Question 1194707
**a) Hypothesis Testing**

* **Null Hypothesis (H0):** There is no significant difference in the mean exam scores of students from the four schools (μA = μB = μC = μD).
* **Alternative Hypothesis (H1):** At least one school's mean exam score is significantly different from the others.
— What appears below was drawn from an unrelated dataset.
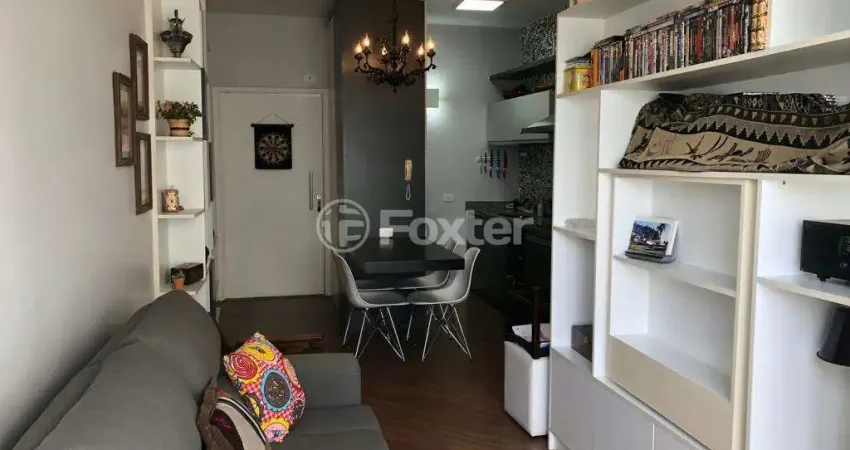 Apartamento com 1 quarto à venda na Rua Brigadeiro Galvão, 127, Barra Funda, São Paulo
**1. Calculate the necessary statistics:**

* **Calculate the mean and variance for each group:**
    * School A: Mean = 80.75, Variance = 8.6875
    * School B: Mean = 73.50, Variance = 10.1250
    * School C: Mean = 83.50, Variance = 4.6875
    * School D: Mean = 65.75, Variance = 66.1875

* **Calculate the overall mean:** 
    * Overall Mean = (Sum of all scores) / Total number of scores = 75.875

* **Calculate the between-groups sum of squares (SSB):**
    * SSB = Σ(n_i * (mean_i - overall_mean)^2) 
    * SSB = 4 * ((80.75 - 75.875)^2 + (73.50 - 75.875)^2 + (83.50 - 75.875)^2 + (65.75 - 75.875)^2) 
    * SSB = 4 * (23.890625 + 5.421875 + 58.007813 + 100.15625) 
    * SSB = 752.5

* **Calculate the within-groups sum of squares (SSW):**
    * SSW = Σ(n_i - 1) * variance_i
    * SSW = (4 - 1) * (8.6875 + 10.1250 + 4.6875 + 66.1875) 
    * SSW = 246

* **Calculate the degrees of freedom:**
    * Between-groups degrees of freedom (dfB) = k - 1 = 4 - 1 = 3
    * Within-groups degrees of freedom (dfW) = N - k = 16 - 4 = 12

* **Calculate the mean squares:**
    * Mean Square Between (MSB) = SSB / dfB = 752.5 / 3 = 250.83
    * Mean Square Within (MSW) = SSW / dfW = 246 / 12 = 20.5

* **Calculate the F-statistic:**
    * F = MSB / MSW = 250.83 / 20.5 = 12.23

**2. Determine the critical value:**

* Using an F-distribution table with dfB = 3 and dfW = 12, and α = 0.05, the critical value is approximately 3.49.

**3. Make a decision:**

* Since the calculated F-statistic (12.23) is greater than the critical value (3.49), we reject the null hypothesis.

**Interpretation:**

* There is sufficient evidence at the 0.05 significance level to conclude that there is a significant difference in the mean exam scores of students from the four schools.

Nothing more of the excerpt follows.